Anyway, if we're restricting ourselves to numpy (and not subclassing scipy.stats.rv_continuous) I'd do something like

def sampleFromDistr_vectorized(data, sampleSize):
    t0 = time.time()

    # forming empirical CDF
    sortedData = np.sort(np.array(data))
    yvals = np.arange(len(sortedData)) / float(len(sortedData))

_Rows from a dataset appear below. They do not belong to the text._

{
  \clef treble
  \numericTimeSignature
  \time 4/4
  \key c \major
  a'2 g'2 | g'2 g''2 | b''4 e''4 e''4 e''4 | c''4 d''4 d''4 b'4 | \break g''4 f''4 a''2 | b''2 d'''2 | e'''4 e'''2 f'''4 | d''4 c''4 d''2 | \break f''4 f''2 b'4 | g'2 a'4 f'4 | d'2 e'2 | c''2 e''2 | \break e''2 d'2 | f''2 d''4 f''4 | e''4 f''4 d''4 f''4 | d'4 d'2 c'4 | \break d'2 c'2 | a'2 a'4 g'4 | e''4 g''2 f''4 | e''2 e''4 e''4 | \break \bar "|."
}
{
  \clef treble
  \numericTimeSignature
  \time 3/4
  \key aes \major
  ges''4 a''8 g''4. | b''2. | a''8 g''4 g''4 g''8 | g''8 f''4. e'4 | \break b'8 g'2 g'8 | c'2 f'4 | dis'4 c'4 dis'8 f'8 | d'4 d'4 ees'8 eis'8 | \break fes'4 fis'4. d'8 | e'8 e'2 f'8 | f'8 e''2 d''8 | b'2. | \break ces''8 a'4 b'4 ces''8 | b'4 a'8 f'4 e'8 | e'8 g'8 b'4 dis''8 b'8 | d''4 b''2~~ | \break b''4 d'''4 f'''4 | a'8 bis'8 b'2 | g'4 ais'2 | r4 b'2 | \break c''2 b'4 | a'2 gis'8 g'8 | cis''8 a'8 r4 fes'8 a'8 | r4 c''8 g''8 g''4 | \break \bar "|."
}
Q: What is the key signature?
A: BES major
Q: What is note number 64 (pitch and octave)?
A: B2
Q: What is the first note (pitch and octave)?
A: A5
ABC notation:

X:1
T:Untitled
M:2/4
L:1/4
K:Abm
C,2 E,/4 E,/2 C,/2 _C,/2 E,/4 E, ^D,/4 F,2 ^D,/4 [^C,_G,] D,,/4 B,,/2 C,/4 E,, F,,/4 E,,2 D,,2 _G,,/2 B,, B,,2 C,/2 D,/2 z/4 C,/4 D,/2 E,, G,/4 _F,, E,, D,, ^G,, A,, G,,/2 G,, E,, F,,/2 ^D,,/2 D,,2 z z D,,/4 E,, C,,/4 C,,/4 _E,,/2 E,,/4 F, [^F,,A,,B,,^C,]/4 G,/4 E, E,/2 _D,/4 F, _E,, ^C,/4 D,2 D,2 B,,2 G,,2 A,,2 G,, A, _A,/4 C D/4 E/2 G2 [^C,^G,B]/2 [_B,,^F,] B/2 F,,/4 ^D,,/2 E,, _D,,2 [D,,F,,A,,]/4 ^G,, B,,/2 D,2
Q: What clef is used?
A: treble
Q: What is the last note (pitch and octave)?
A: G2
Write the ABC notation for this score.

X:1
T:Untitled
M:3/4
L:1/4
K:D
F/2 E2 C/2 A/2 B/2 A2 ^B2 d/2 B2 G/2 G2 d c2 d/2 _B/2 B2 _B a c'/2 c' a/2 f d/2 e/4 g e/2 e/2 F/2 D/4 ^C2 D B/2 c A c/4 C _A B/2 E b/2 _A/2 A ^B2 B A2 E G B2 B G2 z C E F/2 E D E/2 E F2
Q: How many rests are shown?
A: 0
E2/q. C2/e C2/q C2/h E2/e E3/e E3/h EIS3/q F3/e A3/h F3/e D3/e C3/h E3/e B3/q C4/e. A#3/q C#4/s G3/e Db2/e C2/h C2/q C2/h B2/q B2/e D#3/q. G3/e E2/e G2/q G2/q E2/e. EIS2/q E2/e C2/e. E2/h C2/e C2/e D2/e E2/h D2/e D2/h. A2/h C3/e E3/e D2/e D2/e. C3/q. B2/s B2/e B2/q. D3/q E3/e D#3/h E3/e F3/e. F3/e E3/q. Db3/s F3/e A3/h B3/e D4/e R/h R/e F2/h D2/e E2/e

    # linear interpolation object for the inverse of the cdf
    f = interp1d(yvals, sortedData)

    # get the random numbers
    r = np.random.uniform(0, yvals.max(), sampleSize)
    # interpolate
    sample = f(r)
    t1 = time.time()
    print(t1 - t0)
    return sample

which gives me

>>> test = np.random.random(10**3)
>>> sample = sampleFromDistr(test, 10**4)
sampling  [####################################]  100%          
1.4801428318023682
>>> sample = sampleFromDistr_onemax_noprogressbar(test, 10**4)
0.26591944694519043
>>> sample = sampleFromDistr_vectorized(test, 10**4)
0.00497126579284668

and so

>>> test = np.random.random(10**6)
>>> sample = sampleFromDistr_vectorized(test, 10**6)
0.3583641052246094

versus

>>> sample = sampleFromDistr(test, 10**6)
sampling  [------------------------------------]    0%  12:23:25

(At less than a second I'd just run with it, but if this started using too much time I'd use an alias method, which is O(1) after preprocessing. But here it's not worth the headache.)